Insanlar sevdiklerini güzel görür. Güzellik bakan gözlerdedir sözünün mantığı da budur. Örnek vermek gerekirse pucca nick'li, malesef ki meşhur, o malum blog yazarı Marlyn Manson'a benzemesine rağmen güzel bulunuyor. Niye? Çünkü onu seviyorlar... Oysa ben Marlyn Manson'ı severim. Sanatını bedenine yansıtan, bunu yaşayan ve izleyiciye de yaşatan saygıdeğer biri benim için. Oysa pucca hayatı aşktan ibaret sanan, kalpli pijama giyen gerizekalı sevgi pıtırcıklarının meşhur ettiği birisi. Onlar kafayı kadın erkek ililşkileriyle bozmuşlardır. Onlarda ne bir zeka ışıltısı, ne de mantıklı bir hareket göremezsiniz. Onların beyinleri mühürlenmiştir. Onlar görürler, duyarlar ama anlamazlar. Şüphesiz onlar dünyaya fazlalık olarak geldiler. Bir de içinde büyük sevgi kütleleri olduğunu söyleyip duran salaklar vardır ki beyninin her bir hücresini cımbızle tek tek yolmak istersin. Şu satırlarda küfür etmemek için kendimi zor tutuyorum. Bu sebepten dolayı bu paragrafı burada sonlandırıyorum. 

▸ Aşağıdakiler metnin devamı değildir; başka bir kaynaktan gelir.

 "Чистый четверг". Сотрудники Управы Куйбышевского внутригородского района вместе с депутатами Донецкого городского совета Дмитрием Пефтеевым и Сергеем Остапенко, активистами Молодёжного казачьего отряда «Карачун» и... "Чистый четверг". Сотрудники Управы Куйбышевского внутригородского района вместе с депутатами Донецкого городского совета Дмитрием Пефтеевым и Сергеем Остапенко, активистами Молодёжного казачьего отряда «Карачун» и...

Buraya kadar okurları elekten geçirdikten sonra kalanlarla hazinemi paylaşacağım. Sevgi nedir biliyor musunuz? Sevgi tamamlanmaktır. Sevgi içinizdeki boşluğun dolması, acılarınızın son bulmasıdır. Gerçek sevgiyi kesinlikle hissedersiniz. Yıllar geçtikçe insanın ailesinden gördüğü sevgi bile azalıyor. Etrafınıza bakın, dikkatle bakın. Sosyal medyayı inceleyin. Insanların "Lütfen beni sevin!" diye haykırdığını göreceksiniz. Bu sözlerimi yabana atmayın. Ben birinin beni gerçekten sevdiğini düşündüğüm için, hiç görmediğim, göremediğim bir kız uğruna her şeyi ardımda bırakıp Istanbul'a gelmiş biriyim. Eminim bir çoğunuz sevgi uğruna fedakarlıklar yapmıştır, aşk değil bu. Biz sevilme ihtimalini bile sevebilecek kadar sevgiye aç insanlarız. Birilerinin bizi gerçekten bütün kalbiyle, içten bir şekilde sevmesi mutluluğa açılan tek kapımız. Acılarımız bundan, göz yaşlarımız bundan, yorgunluğumuz bundan, yalnızlığımız bundan, acı kahkahalarımız bundan... Sevgi dünya üzerinde insanoğlunun manipule edemediği tek duygudur. Aşk denilen yapay olgularla üstü örtülse de herkes bir gün anlar; büyük aşk diye bir şey yoktur, gerçek sevgi vardır. 

Sevgiler...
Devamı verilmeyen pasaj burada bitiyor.